Friedman and Baker both used the phrase “lip service” to describe the court’s brief mention of Hamas’ Oct. 7 attack on Israel, killing 1,200 and taking nearly 250 hostages.

Baker said that “the whole presentation by the president of the court [American Judge Joan E. Donoghue] was based on U.N. documentation, which is highly biased against Israel, using data and information provided by Hamas. They hardly mentioned any of the materials that Israel presented to them.”

“Nobody would expect anything else from a U.N. body, especially a panel of judges where two-thirds [of their countries] maintain positions hostile to Israel,” he said.

According to Friedman, the court “looks at proportionality in international law as the parameter… It’s true that Hamas did terrible things, but in the eyes of the world, we still killed over 25,000 Gazans…emphasizing the severity with which they saw Israel’s actions.”

The White House addressed the court’s decision hours after it was issued, with the National Security Council’s John Kirby telling reporters on Friday that the ruling was “consistent” with “much of the approach that we’ve taken with Israel.” 

U.S. lawmakers also weighed in on the International Court of Justice’s decision, generally denouncing the case as a whole, even as the court’s decision disappointed many anti-Israel forces. Some framed the fact that the court did not order Israel to stop the war as a victory for Israel.

Rep. Chris Smith (R-NJ) told JI that the case was “both false and dangerous,” adding that the U.S. and its allies “must continue to uphold Israel’s right to exist against those who demand the absolute destruction of the Jewish state and encourage our allies to support Israel against these ongoing attempts to delegitimize and demonize our great ally.”

Rep. Brad Sherman (D-CA) said that South Africa’s claim was “absurd.” 

“Genocide accusations against Israel are a vile perversion of the memory of real genocides.”

Rep. Kathy Manning (D-NC), who co-led a letter on the subject last week with Smith, told JI the ICJ “should have dismissed South Africa’s groundless case.”

“Today’s ruling does little to change the facts: Israel is a democracy which has the right to defend itself and takes important steps to protect civilians, unlike the terrorist group Hamas,” she continued. “I will continue to stand strong against efforts to unfairly single out Israel.”

House Foreign Affairs Committee Chairman Michael McCaul (R-TX) blasted the court for not striking down all of South Africa’s claims, which he called “meritless.” He called on Pretoria to withdraw its complaint “and focus on upholding democratic values.”

He suggested that South Africa’s case is “politically motivated” by its ties with Hamas, Iran, Russia and China. Shortly after the Oct. 7 terror attacks, South Africa’s foreign minister traveled to Tehran for meetings with top Iranian officials, including President Ebrahim Raisi.

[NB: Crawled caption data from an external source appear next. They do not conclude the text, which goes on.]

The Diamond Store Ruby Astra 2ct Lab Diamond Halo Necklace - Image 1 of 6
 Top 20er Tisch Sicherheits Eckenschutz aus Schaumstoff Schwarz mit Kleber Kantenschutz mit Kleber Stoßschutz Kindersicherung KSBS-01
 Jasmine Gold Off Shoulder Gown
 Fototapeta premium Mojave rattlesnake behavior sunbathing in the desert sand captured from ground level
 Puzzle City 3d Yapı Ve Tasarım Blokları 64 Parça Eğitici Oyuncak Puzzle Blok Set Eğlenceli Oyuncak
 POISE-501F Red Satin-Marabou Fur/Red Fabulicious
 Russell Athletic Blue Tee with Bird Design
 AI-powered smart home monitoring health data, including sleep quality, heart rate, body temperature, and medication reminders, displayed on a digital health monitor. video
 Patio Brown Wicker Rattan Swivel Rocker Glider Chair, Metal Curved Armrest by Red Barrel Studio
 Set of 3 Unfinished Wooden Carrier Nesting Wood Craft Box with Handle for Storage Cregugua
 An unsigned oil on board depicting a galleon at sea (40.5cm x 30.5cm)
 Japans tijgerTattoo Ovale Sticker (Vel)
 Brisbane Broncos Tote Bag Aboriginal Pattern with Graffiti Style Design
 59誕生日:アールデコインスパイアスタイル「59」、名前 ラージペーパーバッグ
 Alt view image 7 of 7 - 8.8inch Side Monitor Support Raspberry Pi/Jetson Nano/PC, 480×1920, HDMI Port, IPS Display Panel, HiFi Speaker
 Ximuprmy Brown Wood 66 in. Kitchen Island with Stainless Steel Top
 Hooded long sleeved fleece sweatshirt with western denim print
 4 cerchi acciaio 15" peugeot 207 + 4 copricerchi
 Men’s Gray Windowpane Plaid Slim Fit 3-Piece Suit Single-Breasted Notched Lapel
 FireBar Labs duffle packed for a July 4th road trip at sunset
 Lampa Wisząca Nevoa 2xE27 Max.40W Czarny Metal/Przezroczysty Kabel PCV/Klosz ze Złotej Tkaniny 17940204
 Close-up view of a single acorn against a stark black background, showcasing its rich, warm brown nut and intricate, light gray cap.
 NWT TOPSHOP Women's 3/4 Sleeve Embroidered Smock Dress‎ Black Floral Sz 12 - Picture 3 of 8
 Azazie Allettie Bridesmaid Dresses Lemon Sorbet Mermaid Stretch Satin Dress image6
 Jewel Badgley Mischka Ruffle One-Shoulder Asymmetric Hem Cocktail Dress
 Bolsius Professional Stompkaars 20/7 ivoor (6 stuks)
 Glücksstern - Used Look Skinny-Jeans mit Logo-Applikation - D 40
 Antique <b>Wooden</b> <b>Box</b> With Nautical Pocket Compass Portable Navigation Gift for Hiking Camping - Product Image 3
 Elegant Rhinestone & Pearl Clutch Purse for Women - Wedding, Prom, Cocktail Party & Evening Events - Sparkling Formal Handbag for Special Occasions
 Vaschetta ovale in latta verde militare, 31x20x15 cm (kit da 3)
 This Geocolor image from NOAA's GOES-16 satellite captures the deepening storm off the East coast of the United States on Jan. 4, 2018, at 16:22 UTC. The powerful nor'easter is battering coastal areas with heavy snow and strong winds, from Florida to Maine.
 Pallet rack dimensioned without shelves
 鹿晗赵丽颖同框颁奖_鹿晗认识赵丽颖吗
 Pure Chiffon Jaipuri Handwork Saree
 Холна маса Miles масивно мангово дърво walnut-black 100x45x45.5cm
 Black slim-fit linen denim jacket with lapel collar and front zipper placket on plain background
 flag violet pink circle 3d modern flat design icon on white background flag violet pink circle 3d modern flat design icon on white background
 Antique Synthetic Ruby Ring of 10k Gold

Critics of Israel on the Hill have been mostly mum in the wake of the international tribunal’s decision. Reps. Rashida Tlaib (D-MI) and Cori Bush (D-MO) sought to frame the ruling as a vindication of their positions, arguing that the court “recognizes the risk that the Israeli government could be committing genocide and believes immediate action is necessary” and that the court had “signaled an end to impunity for the Israeli government.”

Although the international court did not call for a cease-fire, Tlaib and Bush claimed that a cease-fire and the release of hostages “and those arbitrarily detained” is “the only way to implement the Court’s orders.” They also claimed that the U.S. must suspend aid to Israel to comply with federal and international law.